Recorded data
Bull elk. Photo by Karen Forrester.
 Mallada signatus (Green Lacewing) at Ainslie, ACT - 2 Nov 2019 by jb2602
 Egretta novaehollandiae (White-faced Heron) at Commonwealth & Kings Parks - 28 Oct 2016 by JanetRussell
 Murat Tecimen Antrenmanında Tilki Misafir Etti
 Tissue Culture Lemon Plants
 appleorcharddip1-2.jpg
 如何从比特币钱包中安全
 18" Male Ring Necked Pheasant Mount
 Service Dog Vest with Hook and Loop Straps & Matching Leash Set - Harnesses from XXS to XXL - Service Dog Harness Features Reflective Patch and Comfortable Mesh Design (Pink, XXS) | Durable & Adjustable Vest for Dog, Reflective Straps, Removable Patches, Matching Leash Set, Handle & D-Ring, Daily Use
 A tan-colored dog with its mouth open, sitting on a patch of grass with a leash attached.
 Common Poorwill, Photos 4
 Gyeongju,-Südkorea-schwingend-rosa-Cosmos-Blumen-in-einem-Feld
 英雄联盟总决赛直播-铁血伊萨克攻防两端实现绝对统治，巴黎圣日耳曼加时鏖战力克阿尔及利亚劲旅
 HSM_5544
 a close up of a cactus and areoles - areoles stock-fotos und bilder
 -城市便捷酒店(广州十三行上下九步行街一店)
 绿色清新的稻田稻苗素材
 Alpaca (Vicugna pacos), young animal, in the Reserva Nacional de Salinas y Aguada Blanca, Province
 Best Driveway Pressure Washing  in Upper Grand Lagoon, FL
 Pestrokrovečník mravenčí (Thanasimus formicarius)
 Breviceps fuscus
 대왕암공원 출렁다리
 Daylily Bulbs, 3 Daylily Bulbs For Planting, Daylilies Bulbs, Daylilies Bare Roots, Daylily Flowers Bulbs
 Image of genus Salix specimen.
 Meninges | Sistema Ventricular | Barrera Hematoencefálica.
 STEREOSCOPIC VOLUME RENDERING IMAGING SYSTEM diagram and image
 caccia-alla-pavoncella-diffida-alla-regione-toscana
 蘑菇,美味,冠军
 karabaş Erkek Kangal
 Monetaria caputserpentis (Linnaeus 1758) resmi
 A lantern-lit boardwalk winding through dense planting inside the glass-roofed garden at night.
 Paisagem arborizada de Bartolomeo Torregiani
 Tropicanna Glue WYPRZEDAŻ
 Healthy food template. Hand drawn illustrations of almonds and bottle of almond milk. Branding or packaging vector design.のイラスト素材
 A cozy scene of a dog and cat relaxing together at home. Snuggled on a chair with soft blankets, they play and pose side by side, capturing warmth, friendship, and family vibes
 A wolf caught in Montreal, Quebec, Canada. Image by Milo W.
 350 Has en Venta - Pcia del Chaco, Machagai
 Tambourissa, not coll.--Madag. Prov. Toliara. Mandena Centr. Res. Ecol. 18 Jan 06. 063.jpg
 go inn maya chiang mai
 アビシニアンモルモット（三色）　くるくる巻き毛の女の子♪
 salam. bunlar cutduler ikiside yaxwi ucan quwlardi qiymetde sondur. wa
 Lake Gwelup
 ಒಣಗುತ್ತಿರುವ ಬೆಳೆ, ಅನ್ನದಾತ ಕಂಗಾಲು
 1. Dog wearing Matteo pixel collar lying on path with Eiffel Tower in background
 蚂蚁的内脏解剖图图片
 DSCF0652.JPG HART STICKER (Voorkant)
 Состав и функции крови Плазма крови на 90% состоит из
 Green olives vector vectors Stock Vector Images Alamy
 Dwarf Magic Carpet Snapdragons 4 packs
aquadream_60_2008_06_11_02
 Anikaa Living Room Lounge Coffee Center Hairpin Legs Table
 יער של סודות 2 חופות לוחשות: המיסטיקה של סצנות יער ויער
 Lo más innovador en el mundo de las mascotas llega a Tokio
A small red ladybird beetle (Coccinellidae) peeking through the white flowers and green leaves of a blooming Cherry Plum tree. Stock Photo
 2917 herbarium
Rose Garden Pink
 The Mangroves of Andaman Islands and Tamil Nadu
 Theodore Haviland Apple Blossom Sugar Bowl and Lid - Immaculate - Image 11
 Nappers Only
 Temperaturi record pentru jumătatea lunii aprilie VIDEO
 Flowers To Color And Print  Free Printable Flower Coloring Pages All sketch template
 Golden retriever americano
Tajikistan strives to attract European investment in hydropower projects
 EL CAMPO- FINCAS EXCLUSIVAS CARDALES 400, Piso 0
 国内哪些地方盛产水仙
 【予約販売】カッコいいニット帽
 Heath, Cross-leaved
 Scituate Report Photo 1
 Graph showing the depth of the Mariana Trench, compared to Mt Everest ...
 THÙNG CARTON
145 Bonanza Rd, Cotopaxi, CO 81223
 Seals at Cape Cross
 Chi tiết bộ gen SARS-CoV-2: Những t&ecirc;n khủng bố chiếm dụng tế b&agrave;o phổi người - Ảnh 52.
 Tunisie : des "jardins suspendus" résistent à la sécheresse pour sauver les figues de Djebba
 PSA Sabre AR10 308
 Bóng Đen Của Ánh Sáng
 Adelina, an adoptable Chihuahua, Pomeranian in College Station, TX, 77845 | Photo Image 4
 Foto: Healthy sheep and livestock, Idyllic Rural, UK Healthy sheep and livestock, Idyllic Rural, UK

Brief >> Copy the stretch of the records above that runs from the line with "A tan-colored dog" through the line with "Best Driveway Pressure". Both end lines belong in the copy, and nothing else does.

Result of this task >>
 A tan-colored dog with its mouth open, sitting on a patch of grass with a leash attached.
 Common Poorwill, Photos 4
 Gyeongju,-Südkorea-schwingend-rosa-Cosmos-Blumen-in-einem-Feld
 英雄联盟总决赛直播-铁血伊萨克攻防两端实现绝对统治，巴黎圣日耳曼加时鏖战力克阿尔及利亚劲旅
 HSM_5544
 a close up of a cactus and areoles - areoles stock-fotos und bilder
 -城市便捷酒店(广州十三行上下九步行街一店)
 绿色清新的稻田稻苗素材
 Alpaca (Vicugna pacos), young animal, in the Reserva Nacional de Salinas y Aguada Blanca, Province
 Best Driveway Pressure Washing  in Upper Grand Lagoon, FL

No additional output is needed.